= Colonial Diplomacy =

Strategic board game similar to Diplomacy

Colonial Diplomacy is a board game very similar to the original, Diplomacy. Gameplay is nearly identical to the original. Seven players fight to control the board through diplomacy. Movement is turn-based, but all players' orders are executed simultaneously, unlike Risk.

==Setting==
The game is set in Asia in the late 19th Century. Much of the board is controlled by European colonial powers. The powers include: Great Britain, Russia, Japan, Holland, Turkey, China, and France.

==Differences==
Colonial Diplomacy includes a couple of notable additions, which differentiate the Colonial Diplomacy from the original Diplomacy.

- Trans-Siberian Railroad – A railroad that extends across Russia from Moscow to Vladivostok. The railroad can be used by Russia to move armies anywhere along the railroad. The Trans-Siberian Railroad may only be used by Russia. Russian armies are allowed to move through other Russian armies, but foreign armies can block the passage of armies on the Trans-Siberian Railroad.
- Suez Canal – The Suez Canal is the only way to move between the Red Sea and Mediterranean Sea. Use of the Suez Canal is controlled by whoever is in control of Egypt. The use of the Suez Canal increases in importance later in the game as expansion becomes both more important and more difficult.

==Reception==
Benjamin Monk, Jr. reviewed Colonial Diplomacy in White Wolf Inphobia #54 (April, 1995), rating it a 5 out of 5 and stated that "For wargamers, boardgamers and Diplomacy enthusiasts, it's worth every dime.
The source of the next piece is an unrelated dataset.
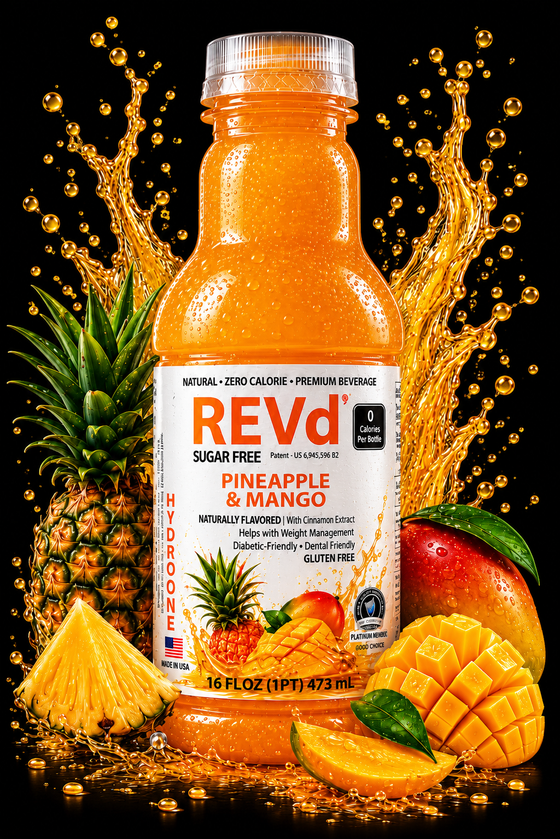 REVd Pineapple and Mango 16 fl oz bottle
You get a colorful map, wooden pieces, conference maps and an extended rulenook. On the down side, it's difficult to justify the price to players of other kinds of games."

Colonial Diplomacy won the Origins Awards for Best Pre-20th Century Board Game of 1995 in a tie with The Three Days Of Gettysburg by GMT Games.

Colonial Diplomacy won the Games 100 for Abstract strategy in 1995.